• **Aim of the exercise**: Keep only the lines that hold the string "Black", filtering out the rest of the entries below.

[Short descriptive text snippets]

=-=-=-=-=

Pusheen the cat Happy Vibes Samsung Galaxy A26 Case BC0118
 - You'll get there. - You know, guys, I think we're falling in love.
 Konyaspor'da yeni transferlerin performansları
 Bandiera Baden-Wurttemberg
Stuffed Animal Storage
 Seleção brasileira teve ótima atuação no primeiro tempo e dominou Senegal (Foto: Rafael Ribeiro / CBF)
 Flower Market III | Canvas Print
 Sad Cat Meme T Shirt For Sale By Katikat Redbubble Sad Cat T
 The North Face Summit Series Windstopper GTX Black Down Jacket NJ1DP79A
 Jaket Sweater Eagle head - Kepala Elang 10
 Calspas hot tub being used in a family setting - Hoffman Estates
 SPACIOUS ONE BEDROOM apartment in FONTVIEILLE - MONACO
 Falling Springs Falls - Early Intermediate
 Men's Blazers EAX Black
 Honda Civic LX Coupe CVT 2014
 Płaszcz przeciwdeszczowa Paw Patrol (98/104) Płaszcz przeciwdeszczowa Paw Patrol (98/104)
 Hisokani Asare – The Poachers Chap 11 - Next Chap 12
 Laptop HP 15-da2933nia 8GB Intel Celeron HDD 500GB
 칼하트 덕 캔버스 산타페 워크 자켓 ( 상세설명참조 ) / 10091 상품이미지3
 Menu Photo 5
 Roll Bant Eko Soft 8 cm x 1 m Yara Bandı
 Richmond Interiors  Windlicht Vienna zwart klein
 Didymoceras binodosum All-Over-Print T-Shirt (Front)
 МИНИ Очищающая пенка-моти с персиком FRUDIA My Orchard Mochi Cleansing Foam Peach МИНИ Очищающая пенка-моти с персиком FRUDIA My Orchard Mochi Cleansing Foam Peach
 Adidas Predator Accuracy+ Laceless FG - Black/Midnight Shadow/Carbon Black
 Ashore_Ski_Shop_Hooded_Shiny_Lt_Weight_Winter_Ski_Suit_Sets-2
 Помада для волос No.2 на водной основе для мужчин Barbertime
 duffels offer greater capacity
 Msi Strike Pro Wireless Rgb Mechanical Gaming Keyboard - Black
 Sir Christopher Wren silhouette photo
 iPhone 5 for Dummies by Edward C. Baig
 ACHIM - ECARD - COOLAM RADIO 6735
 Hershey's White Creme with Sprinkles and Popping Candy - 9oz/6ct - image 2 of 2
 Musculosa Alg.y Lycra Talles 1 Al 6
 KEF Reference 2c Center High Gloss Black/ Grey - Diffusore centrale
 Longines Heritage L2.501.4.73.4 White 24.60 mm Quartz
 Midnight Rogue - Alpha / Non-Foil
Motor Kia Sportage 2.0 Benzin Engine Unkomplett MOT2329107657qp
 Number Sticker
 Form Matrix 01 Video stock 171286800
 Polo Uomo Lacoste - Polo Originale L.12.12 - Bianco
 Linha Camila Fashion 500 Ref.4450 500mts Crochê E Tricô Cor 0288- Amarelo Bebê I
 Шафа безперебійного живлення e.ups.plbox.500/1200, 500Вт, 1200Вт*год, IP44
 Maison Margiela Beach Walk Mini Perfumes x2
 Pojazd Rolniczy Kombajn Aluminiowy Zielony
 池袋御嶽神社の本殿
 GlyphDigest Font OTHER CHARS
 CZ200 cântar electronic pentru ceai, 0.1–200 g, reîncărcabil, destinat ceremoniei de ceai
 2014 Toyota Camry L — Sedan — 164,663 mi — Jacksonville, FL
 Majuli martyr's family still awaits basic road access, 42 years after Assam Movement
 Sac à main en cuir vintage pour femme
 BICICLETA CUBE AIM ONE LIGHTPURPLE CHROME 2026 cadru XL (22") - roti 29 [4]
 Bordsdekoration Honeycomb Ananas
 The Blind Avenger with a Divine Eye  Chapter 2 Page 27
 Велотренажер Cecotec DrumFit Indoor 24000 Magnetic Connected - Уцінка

=-=-=-=-=

• **Output for this exercise**:
 The North Face Summit Series Windstopper GTX Black Down Jacket NJ1DP79A
 Men's Blazers EAX Black
 Adidas Predator Accuracy+ Laceless FG - Black/Midnight Shadow/Carbon Black
 Msi Strike Pro Wireless Rgb Mechanical Gaming Keyboard - Black
 KEF Reference 2c Center High Gloss Black/ Grey - Diffusore centrale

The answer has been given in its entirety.